Sul Voltone ci apparve la statua di Fattori che sembrava guardare sbigottito quel che era successo. Al 4° piano del palazzo sull’angolo di via della Pina d’Oro, immobile, un uomo, seduto a tavola, sul brandello di pavimento miracolosamente rimasto intatto mentre tutto il resto era crollato. Passammo accanto ad un filobus, all’altezza di via Gazzarrini: l’autista piegato sul volante senza vita.

Giungemmo a Salviano verso le 18 e qui, per fortuna, una famiglia di contadini, liberò dagli attrezzi un piccolo capannone dove potemmo pernottare e, nei giorni successivi, allestire la nostra “casa di campagna” . Finalmente ci sentivamo, quasi, al sicuro. Anche perché nostro padre, approfittando del caos, era riuscito a togliersi di dosso quei due o tre poliziotti che avevano il compito di sorvegliarlo giorno e notte.

Ma i bombardamenti continuavano. Di giorno le “fortezze volanti”. Di notte, dicevano, i caccia inglesi che tendevano a colpire gli obbiettivi militari. Scoprimmo però che, a non più di 200 metri, c’era una batteria contraerea che, all’arrivo del “nemico” , accendeva grandi fari e sparava senza tregua. Finché una notte, udimmo tre o quattro esplosioni più grandi, seguiti da un silenzio inaspettato; i caccia, individuata la contraerea, la distrussero con bombe più potenti.
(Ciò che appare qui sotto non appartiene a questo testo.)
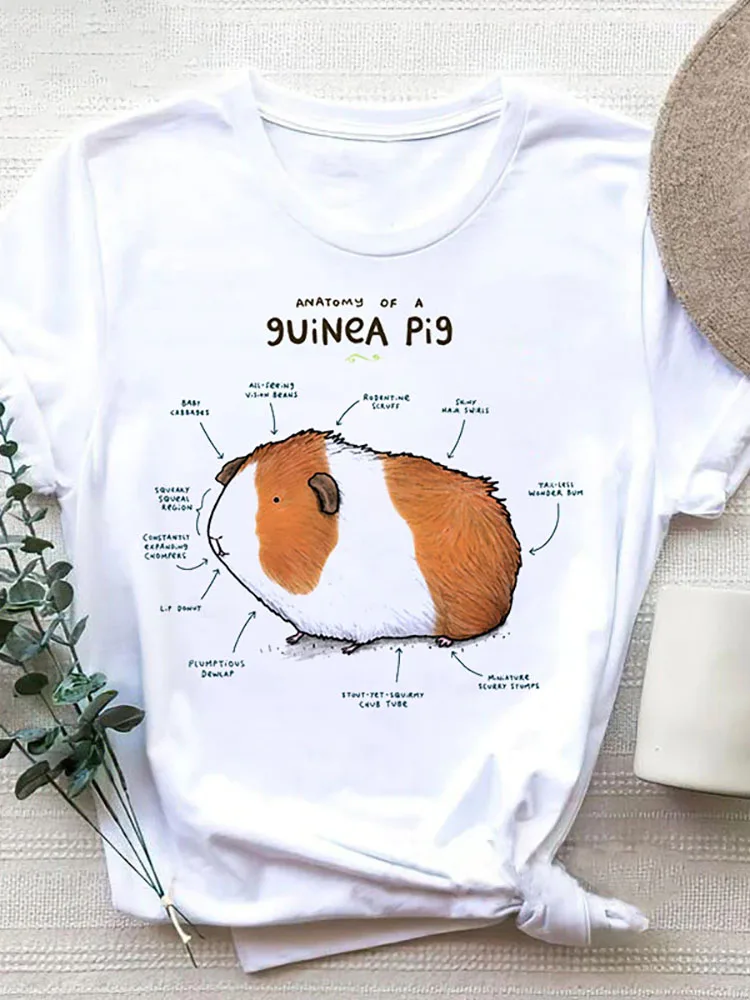 Funny Hamster Graphic T Shirts for Woman Cartoon Fake Pocket At Chest T-shirts Ladies Tshirts 90s Baby Tees Y2K Tops Harajuku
Al mattino, si sparse la voce che, nei campi vicini, c’erano delle grandi buche dalle quali affioravano decine e decine di patate. Ne raccogliernmo qualche chilo, ci servirono per un po’ ad attenuare la fame.

Ora i bombardamenti li vedevamo da più lontano e mio nonno, imperterrito, continuava ad andare a lavorare (sempre a piedi: fino al giorno che si salvò solo perché non era entrato nel “rifugio paraschegge” di via Galilei dove morì un sacco di gente. Per noi ragazzi non andava poi tanto male. Eravamo perfino arrivati a divertirci (si fa per dire) osservando le “fortezze volanti” sganciare grappoli di bombe.

Verso la fine di luglio, si sparse la voce che il fascismo era caduto. La gente esultava per le strade. Ma mio padre, che era riuscito a riprendere i contatti con i suoi compagni clandestini, disse subito che si trattava di un tentativo del re e degli altri gerarchi, di salvare il fascismo senza Mussolini.

Il 9 settembre, in una giornata torrida, mentre i nostri genitori, con una bicicletta “trovata in un angolo” , erano andati alla Caserma di Ardenza, che era stata presa d’assalto da una folla affamata, per cercare di racimolare un po’ di cibo, due motociclette con sidecar e quattro tedeschi, armati fino ai denti e col mitra spianato a significare che «da oggi comandiamo noi», irruppero sull’aia dove il nostro fratellino, seminudo, stava giocando. Mia sorella andò incontro ai nostri genitori per avvertirli del pericolo: si erano appropriati di un sacchetto di farina, che trasportavano sulla canna della bicicletta. Dopo un paio d’ore, i tedeschi se ne andarono. Ma quella era stata la dimostrazione di quali nuovi pericoli andavamo correndo. Mio padre e mia madre decisero subito di trasferirci altrove e, il giorno tutto ricaricammo quel poco che avevamo sulla solita carretta e ci incamminammo verso Collesalvetti. Ma qui ebbe inizio un’altra storia.